Smoothing does not have any impact on significance tests. The significance testing is always conducted on the unsmoothed data. If a cell on a table is shown as being significant, but seems to contain no data, it is probably because the unsmoothed data is significant, but the smoothed data has not been displayed due to other options (such as End treatment set as Missing).

Buttons, options, and fields

Moving average:

No Computes an average within each Aggregation period (see Setting Time Periods for Date Questions).

Lagged Computes a moving average, also known as a rolling average. For example, if average satisfaction for September, October and November respectively are 6.401, 6.608 and 6.727 the average of these three values, which is the three month moving average, is 6.579. When Lagged is selected, the value of 6.579 will be shown as the value for November.

Uniform (centered) Computes a moving average in the same way as for Lagged except that the value is reported for the center of the time period (e.g., 6.579 would be reported as the average for October).

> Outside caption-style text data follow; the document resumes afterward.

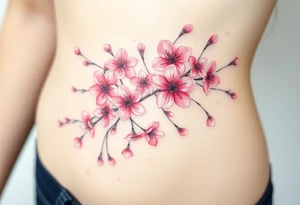 delicate cherry blossoms swirling in spring breeze with petals tattoo idea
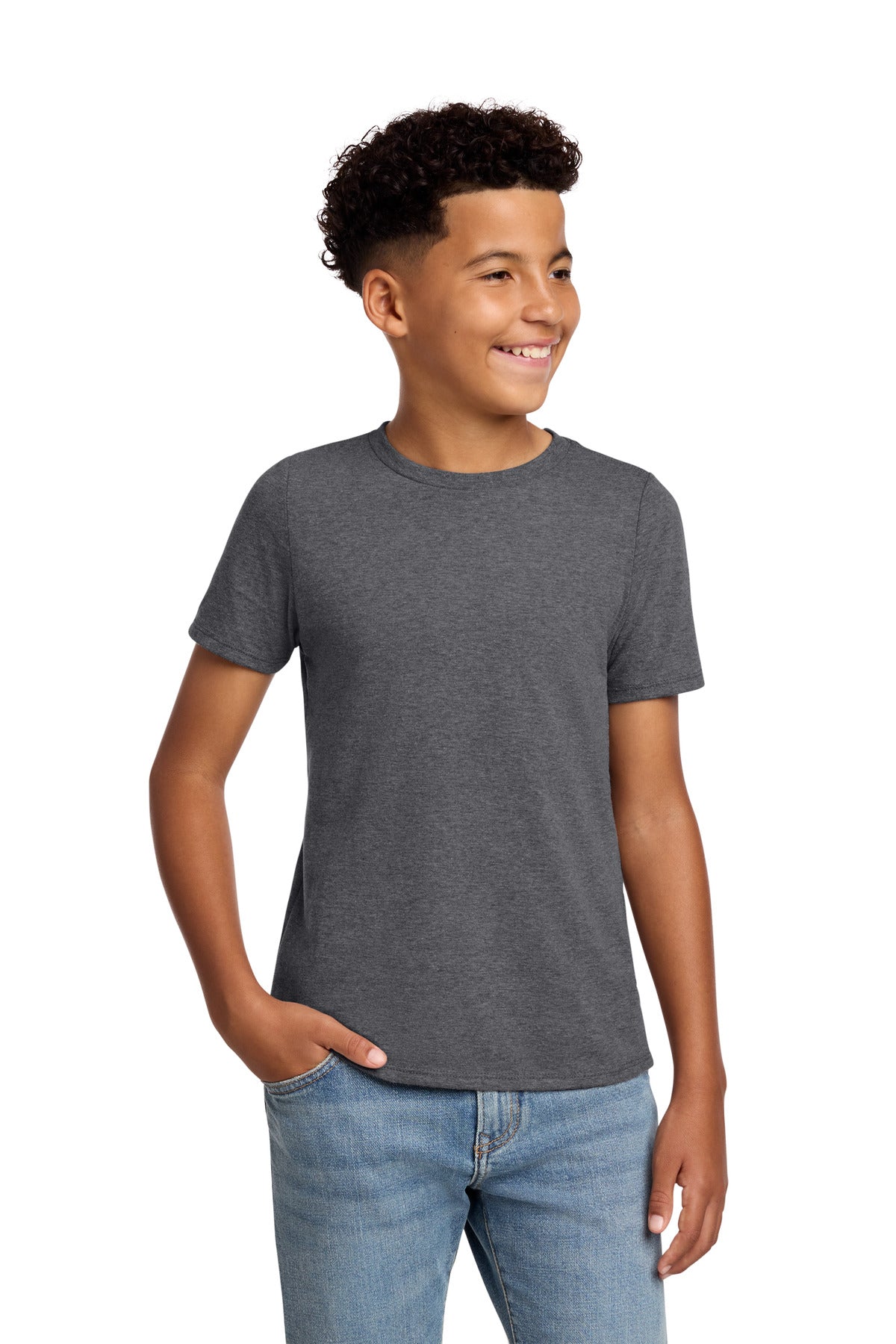 Custom logo District® Youth Perfect Blend® CVC Tee DT108Y in Heathered Charcoal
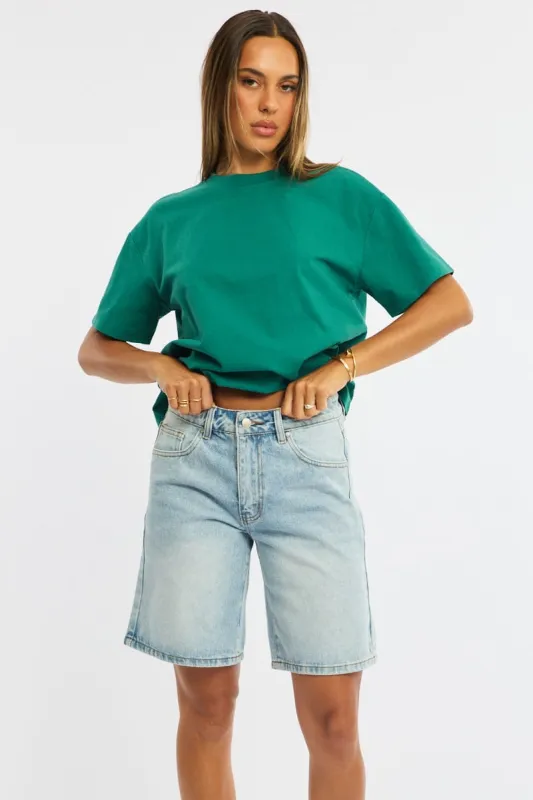 Denim Knee Length Short Mid Rise sold by Ally Fashion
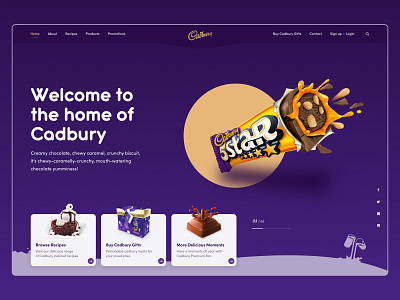 Cadbury Homepage behance branding cadbury chocolate clean color concept dailyui design dribbble flat graphic design inspiration landing page store typography uidesign web web design website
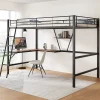 Urban Meuble Lit mezzanine métallique noir avec bureau en L et étagère 90x200cm* Lit Mezzanine
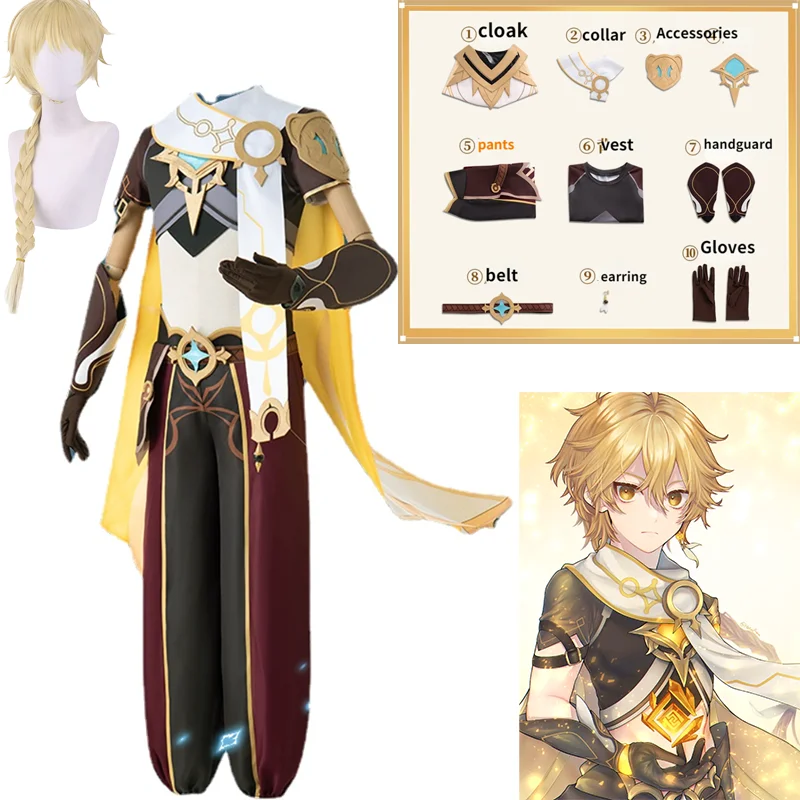 

Game Genshin Impact Cosplay Traveler Aether Costume Sora Kong Cosplay Anime Halloween Party Full Sets Outfit Wig Shoes Women Men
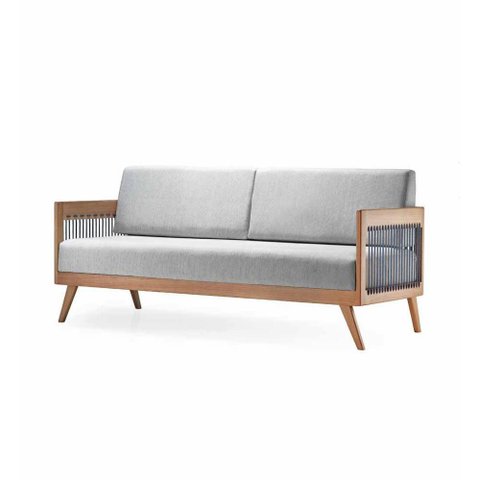 Sofá 2 Lugares Saibi Ozki 150 cm Poliéster Cinza Madeira Cedro Corda Náutica Plana Poliéster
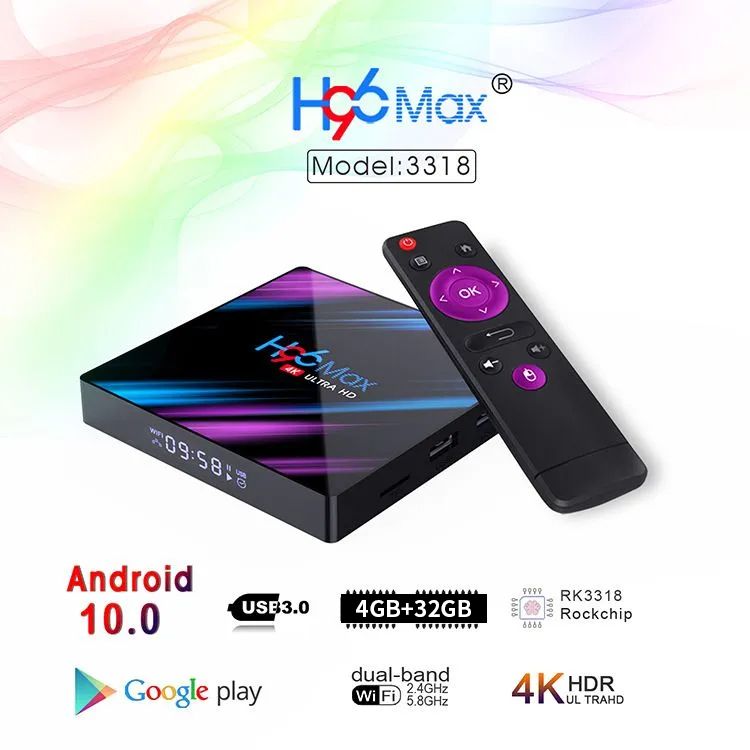 H96Max RK3318,четырехъядерный двухъядерный WiFi Bluetooth 4.0 DDR3 Android 10.0,сетевая приставка для телевизора, сетевой проигрыватель 4k HD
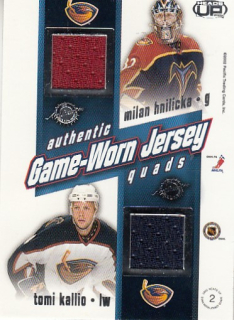 HNILIČKA Milan KALLIO KOVALCHUK Ilya ŠTEFAN Patrik Pacific Heads Up 2002/2003 Game-Worn Jersey Quads č. 2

Tricubic (centered) A weighted average that gives a higher weight towards observations in the middle of the "window" (inverted u-shape). With a three period moving average, this results in the middle period receiving a weight of 1 while the two time periods on either side receive a weight of 0.67. The chart below shows the tricubic weights that occur for 11, 7 and 3 week moving averages (see Cleveland, William. S. 1993. Visualizing Data. Summit, New Jersey: Hobart Press).

Bandwidth The width of the window used to construct the moving averages. If Moving average is selected a Uniform(centered) moving average is computed and the Bandwidth must be an odd number. Use Lagged to use both odd and even numbers and report the value for the final period in the window.

A bandwidth of 1 with monthly data means that one month of data is used (i.e., no moving average is employed).

A bandwidth of 2 takes two months of data (i.e., there is a 2 month window - applies only to lagged).

A bandwidth of 3 takes three months of data (when centered this means the month of the data point, and 1 month either side).

Care must be taken in setting the bandwidth if data has not been recorded accurately (e.g., the first date of every month).

Degree The degree of smoothing to be employed in the local polynomial regression. Where degree is 0, the estimate for a time period is the average of all of the data in the window (this is a weighted average if Tricubic Density is used). Where degree is 1, a linear regression is fitted to the data in the window and the value that is charted is the predicted value for the time period from the regression. Where degree is 2, a quadratic regression is used, where degree is 3 a polynomial regression is used, etc.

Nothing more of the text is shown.